Specialist services are needed and the Department of Health needs to update its guidance regarding ME.
Voting on the adoption of this proposal took place on Thursday 14th March.
The Danish parliament voted unanimously for the separation of ME WHO ICD-10 G93.3 from Functional Disorders and has called for the Department of Health documentation to be amended to reflect this
Here is the Danish Parliament debate -
This discussion in the Danish parliament on classifying ME as a somatic and not as a functional disease is good progress. The discussion in the Danish parliament was based on the case of a 29 year old woman who has been lying in bed in a dark room since 2015, being taken care of by her parents without any help from our health care system.
Both the Danish ME organisation and Dr Mehlsen had been in contact with a number of politicians on both sides of the aisle and the results are positive.
Now the Danish parliament has voted unanimously in favour of ME as a somatic disease to be removed from the centres of functional diseases.
That will be a great relief for the family concerned, for physicians, and for the Danish ME community.

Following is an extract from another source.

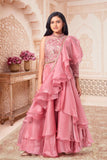 Rose Pink Ruffle Layered Lehenga Choli with Embroidered Ruffled Dupatta For Girls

The result should help the Finns too, as the Duodecim team has been formed to look at Finnish guidelines and there was a proposal to adopt the previous Danish position.
That cannot happen now and the Finnish authorities must change course accordingly.
In fact, the Finnish situation should be improved for patients and Duodecim need to look at the recent Swedish document where it says there is not enough evidence to formulate adequate guidelines/propose treatments.
Here is the link to the Swedish site - https://www.socialstyrelsen.se/nyheter/2018/merforskningbehovsommecfs
Here is the English version of the summary https://www.socialstyrelsen.se/Lists/Artikelkatalog/Attachments/21182/2018-12-48-summary.pdf
One of the statements from the Swedish working group on guidelines was the following -
" Considering the current situation as regards evidence, it is crucial that the interventions offered to each patient diagnosed with ME/CFS or similar symptoms must be individually adapted for the patient in question and evaluated.
This patient group is in need of care measures to alleviate symptoms and improve quality of life. For the individual patient, different evidence-based interventions can be offered on the basis of the symptoms presented in the patient in question, for example, measures for pain or sleep disturbances. The care provider must be perceptive and take all aspects of the patient’s medical problems and healthcare needs into account."